Having so many clustered together in one of the most economically-deprived areas of Brent, I routinely object to new applications, but those objections are always ignored. Why? Because the Gambling Act 2005 has a clause called “aim to permit” that essentially means local authorities are required to permit them, or face costly court cases money that councils can’t afford.
So – put simply – if we scrapped this clause, the views of local residents and MPs would carry a lot more weight, and that would almost certainly result in fewer gambling shops. Which would be a good start if nothing else.
I met a gambling addict who told me he wished betting shops didn’t exist
Walking the streets this summer, I asked constituents to design their ideal high street – not one of them included a gambling shop, or even a bingo hall. The most moving and unexpected encounter was a meeting with a man I called Gambler A as he was leaving a betting shop. I expected him to design a high street with a betting shop, perhaps the one he had just stepped out of. But no. Pointedly, he chose a gym, a library, a newsagent and a launderette. Where’s the betting shop? I asked him, and he was unequivocal. Gambling has ruined my life, he said. It is an addiction just like alcohol and drugs. He moved me to tears.
As a rebuttal to my campaign, the industry would point to a decline in the number of betting shops, down from more than 9,000 in 2011 to just over 6,000 in 2023. But that’s cold comfort for areas of the country with betting shop after betting shop on their local high streets. The honest truth is that the industry is still making such huge sums of money on the backs of the poor, otherwise why would they flood our poorest high streets with betting shops?
That is why I am so proud of Brent council, which has led on a campaign along with 40 other UK councils, mayors and other organisations, calling for urgent gambling reform.
GambleAware has shone the light on the scary prospect of our young children being systematically groomed by the industry. We are at a crossroads and gambling reform is only the beginning of our public health crisis.
With approximately more than one person every day dying of a gambling-related suicide, particularly in young men, it’s clear that it is also an economic and moral emergency. According to Public Health England, problem gambling costs the UK economy £1.05-£1.77 billion a year. Prof Henrietta Bowden-Jones, PHE’s national clinical adviser on gambling harms, is clear about where that money comes from: “Slot machine venues, particularly those open 24/7 … channel funds from the pockets of the poorest into the pockets of the richest.” The sad fact is that the house always wins.
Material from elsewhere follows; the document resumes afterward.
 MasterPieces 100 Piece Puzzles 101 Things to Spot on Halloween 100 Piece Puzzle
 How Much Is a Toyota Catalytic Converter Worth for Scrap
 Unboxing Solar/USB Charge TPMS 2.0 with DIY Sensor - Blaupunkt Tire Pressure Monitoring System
In Parliament, I have tabled an early day motion number 1479 on high street gambling reform to highlight the issue. I have also applied for a back-bench business debate in the Commons.
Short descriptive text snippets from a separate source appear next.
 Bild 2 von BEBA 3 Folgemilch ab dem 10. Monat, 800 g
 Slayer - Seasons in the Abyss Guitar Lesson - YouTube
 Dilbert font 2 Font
Many campaigners have fought this fight in isolation, often fighting their own addiction or that of a loved one like Wendy Hughes, Jackie Olden’s Mum, who was told to gamble every day by her employer when she worked in a betting shop, which created her addiction. And towards the end of her life, she gambled on a slot machine for 16 hours straight and ended up losing £1,981, Merkur were fined £95,000 as a result for social responsibility failings. Clearly, we need to do something to break this cursed chain.